Abstract

We present a geochemical and Sr-Nd isotopic study on a sediment core collected from the Andaman Sea in an attempt to reconstruct the Late Quaternary weathering and erosion patterns in the watersheds of the river systems of Myanmar and understand their controlling factors. Age control is based on nine radiocarbon dates and δ18O stratigraphy. The rate of sedimentation was strongly controlled by fluctuations of the monsoon. We identify three major sediment provenances: (1) the Irrawaddy catchment, (2) the western slopes of the Indo-Burman-Arakan (IBA) mountain ranges and the Andaman Islands, and (3) the catchments of Salween and Sittang and the Bengal shelf, with the first two contributing 30–60% of the material. Enhanced contributions from juvenile sources and corresponding positive shifts of δ18O are observed at seven time periods (11–14, 20–23, 36, 45, 53, 57, and 62 ka) of which five are synchronous with cooling of the northern hemisphere, suggesting a link between the changes in sediment provenances and the shifting of the locus of the summer monsoon, southward from the Himalayas, without substantial reduction in intensity.
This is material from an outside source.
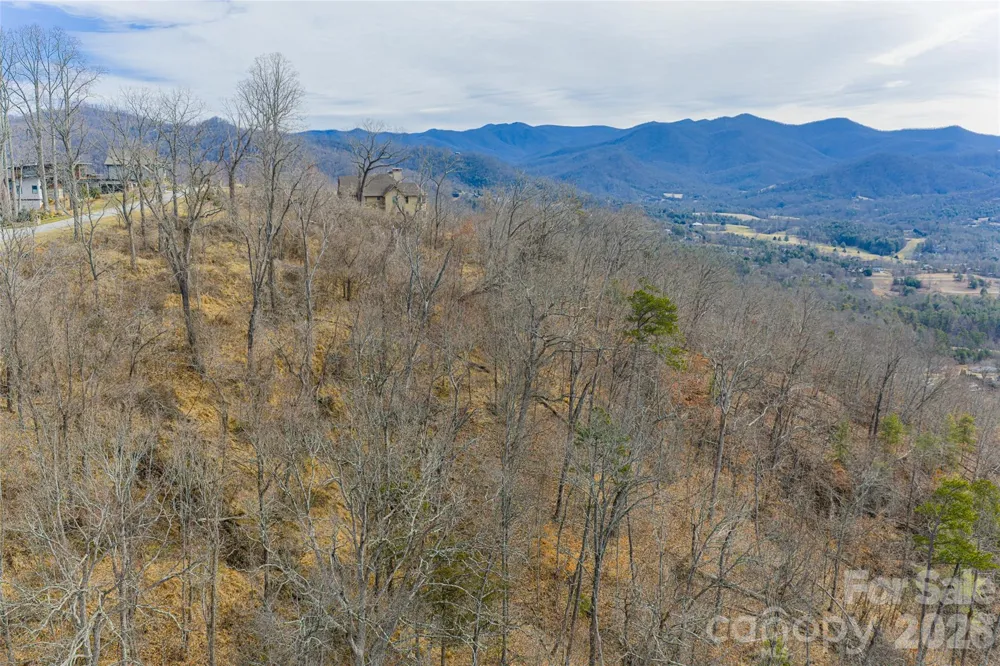 5 Longstreet Court #17 Weaverville, NC 28787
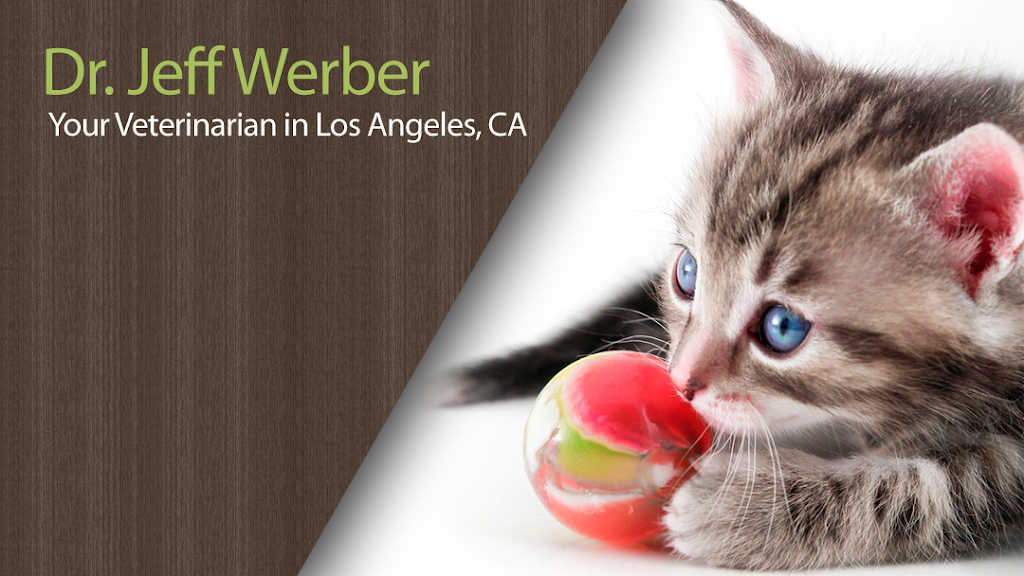 Dr. Jeff Werber | 8750 Venice Blvd, Los Angeles, CA 90034 | Phone: (310) 559-2500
Our data, and that from other cores in the region suggest that an eastward moving surface current disperses sediments, derived from the Bengal shelf and western margin of Myanmar, from the eastern Bay of Bengal into the western Andaman Sea and that its strength has increased since the LGM. The existence of this current during the LGM implies that the Andaman Sea and the Bay of Bengal were well connected during the last glacial period.